The team is currently working on the further development and optimisation of the system. Various monitoring tasks are on the agenda. The aim is to observe plants over a longer period of time in order to provide the farmer or breeder e.g. with information on their growth behaviour. For this purpose, Rosie was additionally equipped with a robust IDS industrial camera of the uEye FA series. “Using the images, we distinguish between weeds and crops for herbicide-free weed removal.” An active tool below the robot should then also be able to remove weeds directly around the plants.
The camera (IP65/67) is mounted on the underside of the robot and is oriented vertically downwards. While the robot drives through the fields, it captures the plants from the top. By means of neural networks, the above analyses can be carried out depending on the application. In the future, this information should help farmers to be able to take measures at an early stage, e.g. against fungal infestation. Rosie has so far been used for field trials in sugar beet, wheat and maize fields.
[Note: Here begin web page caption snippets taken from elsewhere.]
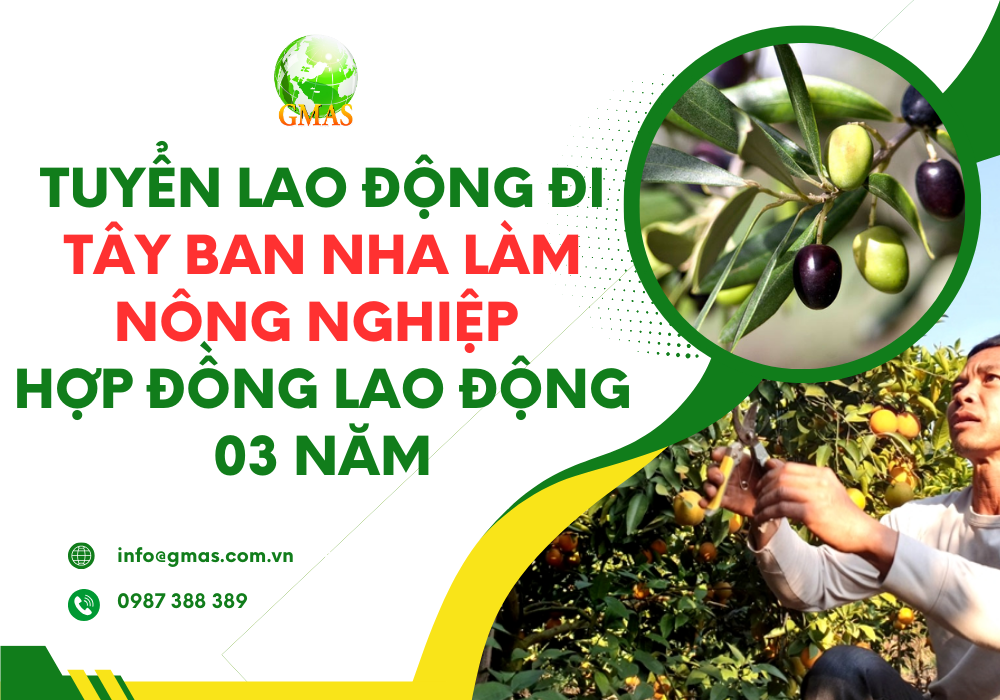 Tuyển lao động đi tây ban nha làm nông nghiệp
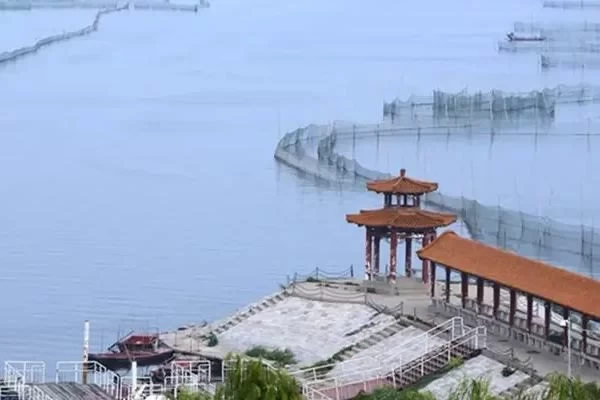 How much is the entrance fee to Dongping Lake Scenic Area? 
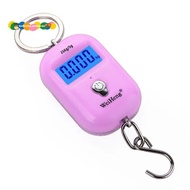 Portable Electronic Scale Backlight Luggage Hook Scale for 25kg 5g for Express Delivery and Small Lu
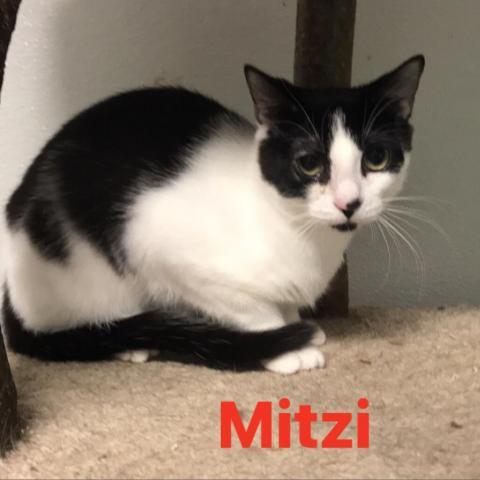 Mitzi, an adoptable Domestic Short Hair in Cumming, GA, 30040 | Photo Image 1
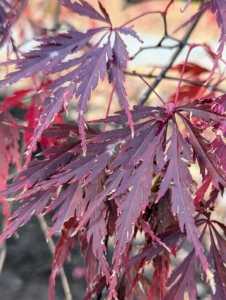 With the right conditions, the fall colors of the Japanese maple may last for several weeks. Unfortunately, as it gets colder the colors begin to dull.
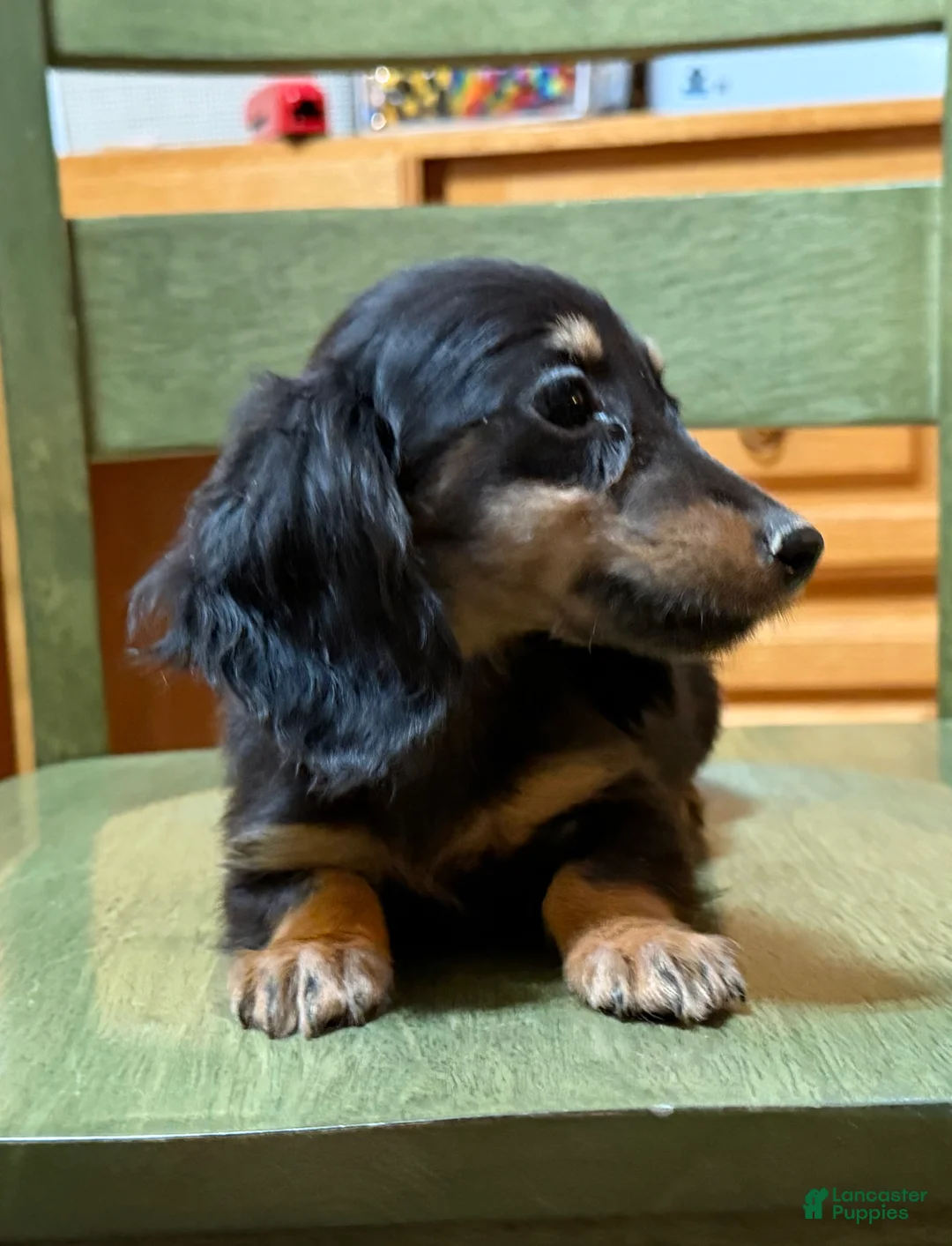Miniature Dachshund dogs for sale: AKC Russian pra clear - Ad 5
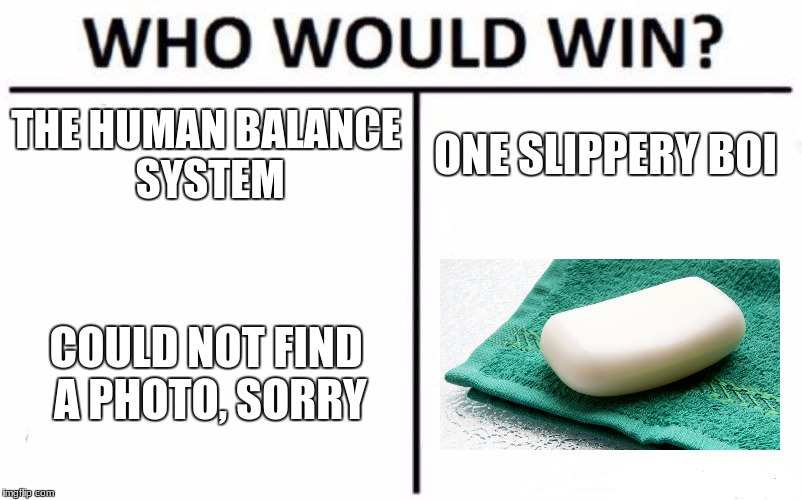 Who Would Win? | THE HUMAN BALANCE SYSTEM; ONE SLIPPERY BOI; COULD NOT FIND A PHOTO, SORRY | image tagged in memes,who would win | made w/ Imgflip meme maker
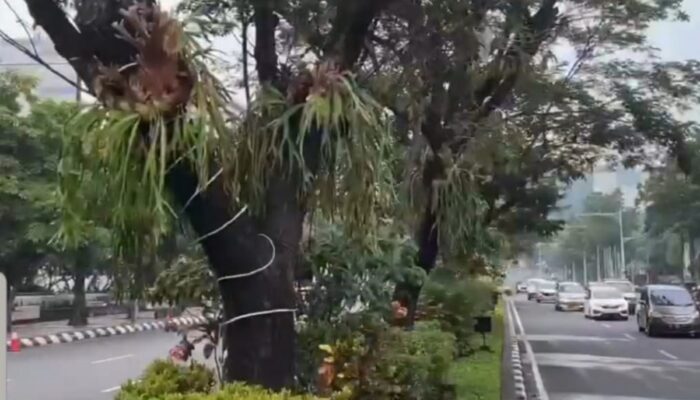 Inovasi Hijau di Semarang: Tanaman Tanduk Rusa Percantik Jalan Pahlawan
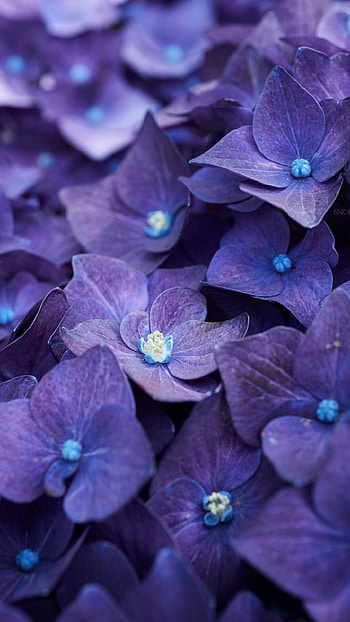 Violet flowers, Beautiful background, Nature's gift, Floral perfection HD phone wallpaper
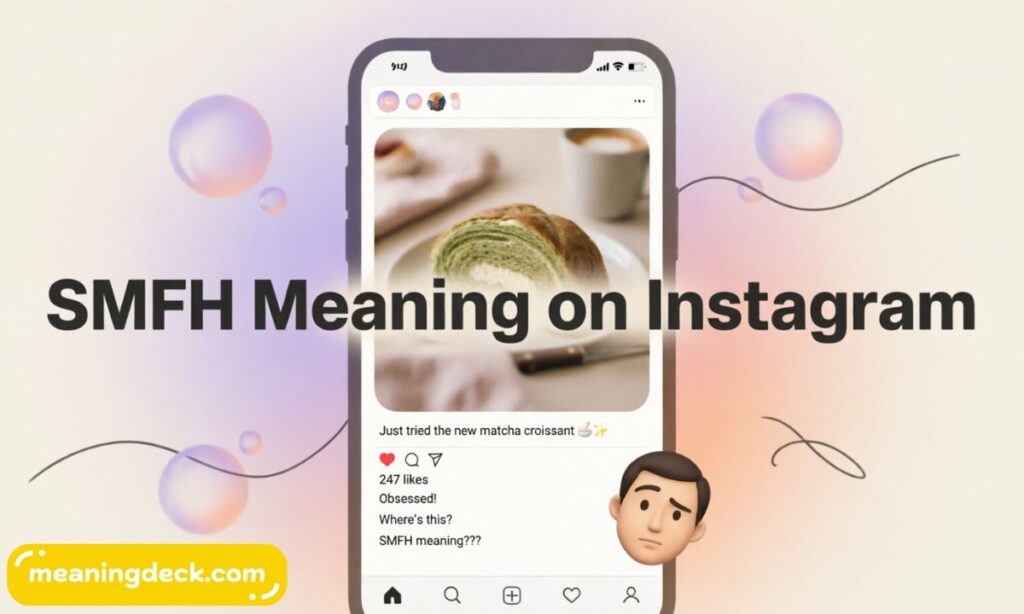 SMFH Meaning on Instagram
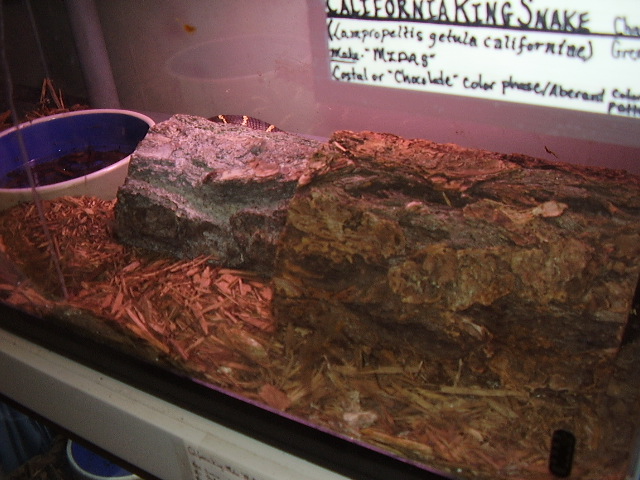 Cal Kingsnake Cage Habitat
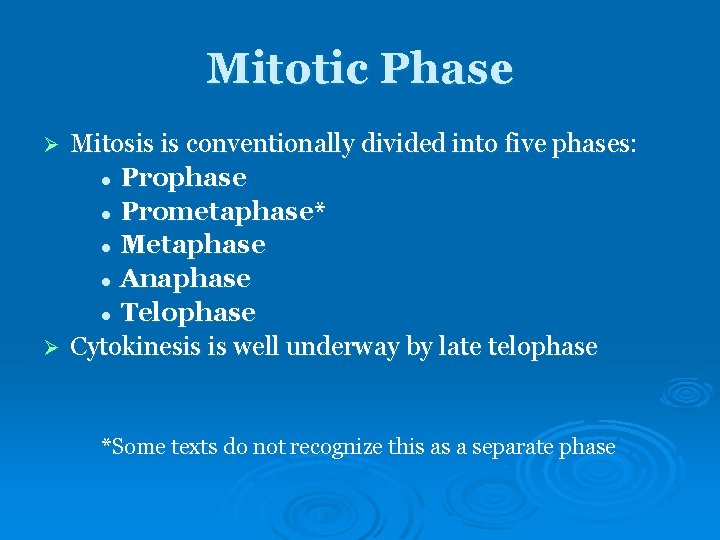 Mitotic Phase Mitosis is conventionally divided into five phases: l Prophase l Prometaphase* l Mitotic Phase Mitosis is conventionally divided into five phases: l Prophase l Prometaphase* l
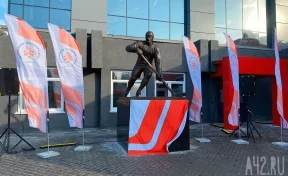 В Новокузнецке фанаты хоккея выстроились в гигантскую очередь за билетами на матч «Металлурга»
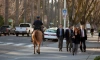 Петербуржцам предлагают работать в конной полиции с зарплатой до 65 тыс. рублей 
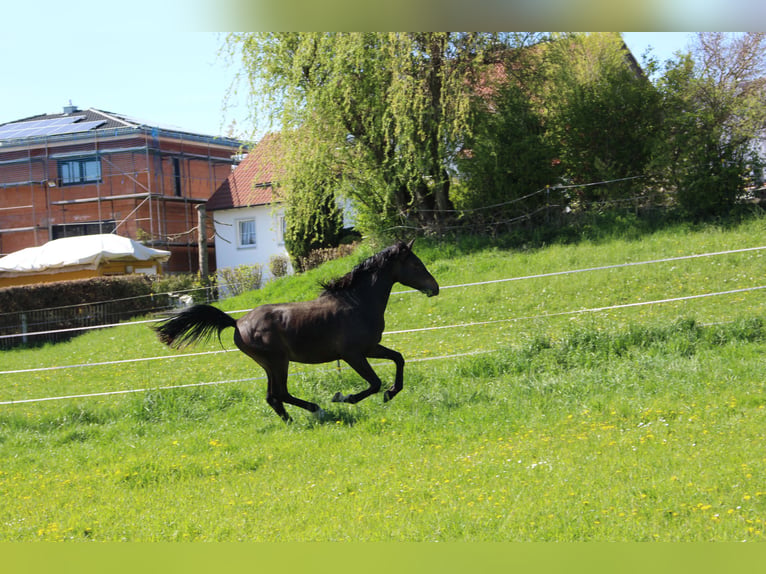 Shagya Arabian Gelding 2 years Brown in Tiefenbach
The camera model used must meet special specifications for use in the field. “For our evaluations, we need a camera with a high-resolution colour sensor and low exposure time for sharp images, despite the constant movement of the robot. Since it can also be exposed to harsh conditions in the fields, depending on the weather, it also has to be protected against dust and splash water,” explains Timo Schönegg. Other selection criteria were compatibility with Linux/ROS, a compact size and fast data transmission for short response times. The possibility of using wide-angle lenses also had to be given.
Agricultural robots will play an increasingly important role in the future. In order to be able to reliably perform the various tasks in any environment and in different light and weather conditions, they need not only good image processing software, but above all reliable cameras. The use of such camera systems on future robots will be very diverse – from 3D CLK / 21.03.2022 / S. 2 to multispectral cameras. The Rowesys team will continue to work in particular on intelligent, camera-based solutions in the future and contribute to more sustainable and efficient agriculture with innovative technologies.